Great Smoky Mountains

First, if you have a day, I’d recommend visiting Cades Cove.  Now, as I discussed with some fellow Yankees last night, one might expect a cove to have, well, water in it.  This cove doesn’t.  It’s a “verdant valley” according to the really excellent website for the park.  Once I got over my disgruntlement that I wasn’t going to a water location (this was harder than I thought) I could appreciate the majesty of this place.

Cades Cove

We combined visiting Cades Cove with a hike, and I might recommend splitting that up into two days, so you can do the hike early in the morning, when the trails are less crowded (though if you’re traveling in the summer, you should expect crowds).  We hiked to Abrams Falls, about 5 miles round trip.  This is a really fun hike – it’s a bunch of peaks divided up by nice flat spaces where you can enjoy the river you are following.  The trail was pretty well worn by the time we got there, so again, if you can avoid the highest traffic times, you’ll enjoy yourself more.  The falls were quite something to see, and despite all the warnings, lots of people were swimming – please, if you go, obey the rules about water safety.

Abrams Falls

Our final day of the adventure took us to Hartford, TN for a white water rafting adventure with the Outdoor Rafting Adventures, Inc. company.  There are a lot of rafting outfits in the region, and this one was highest rated on Trip Advisor, for good reason.  As we drove in, the building looked deserted and we wondered if we’d made a giant mistake and would be chased off by banjo-wielding hillbillies, but then we rounded the bend and beheld the bustling, well-organized main parking lot.  A nice man led us to a parking space, setting the tone for the morning; they took GREAT care of us.  The staff were professional, funny and enthusiastic, and we had a blast.  Hats off to Todd, our guide, who has been leading rafting trips for more than 15 years and yet still seemed to enjoy himself and our excitement.  For the record, I loved the few class 4 rapids we got to go through, though I would recommend closing your mouth, as you can see I did not do.  And my two traveling companions, both rafting virgins, did great.  If you’re going to the Smokies and want to raft, do it with this company.

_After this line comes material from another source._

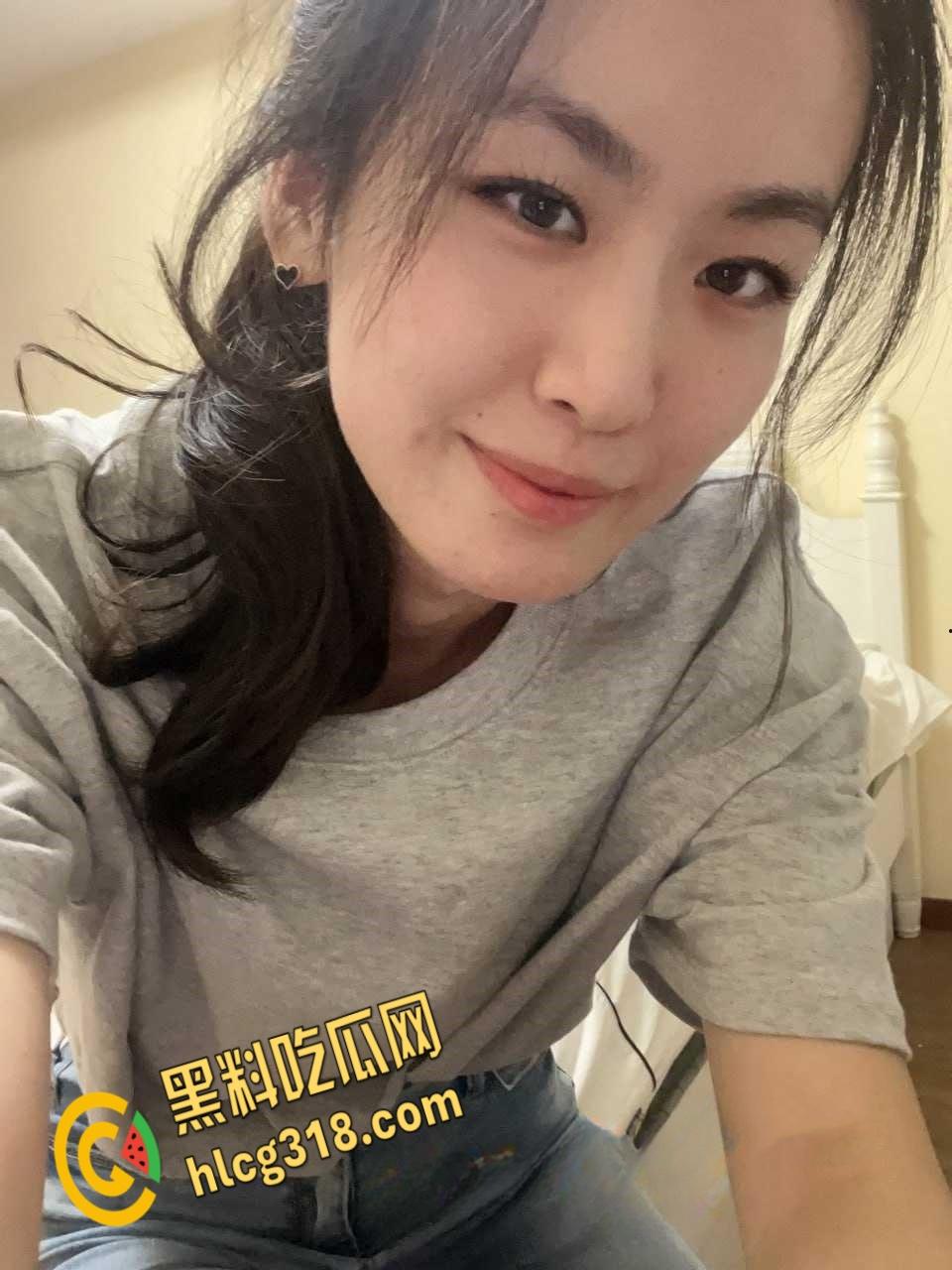 山东潍坊建设银行【周心仪】,衣服一脱马甲线一露,上来就是口活乱舔,熟女的魅力一般人顶不住 !-1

Keep your mouth closed when white water rafting

Other tips for the journey:

Bring a good camera, because the place is gorgeous.

There are no fees to enter the park, so consider becoming a Friend of the Smokies; our National Parks are treasures and need to be supported.

Bring water shoes – you will want to go wading in the pretty creeks, I promise.

Plan at least 2-3 days in the park; I wished we’d been able to explore deeper in and perhaps do another hike.

Have fun!  We sure did.

Friends at the gate to the Smoky Mountains

PS: Happy Birthday to the National Park Foundation!  This organization, which supports the upkeep of our National Parks, turns 97 today, and the Travel Channel is matching all gifts up to $30,000!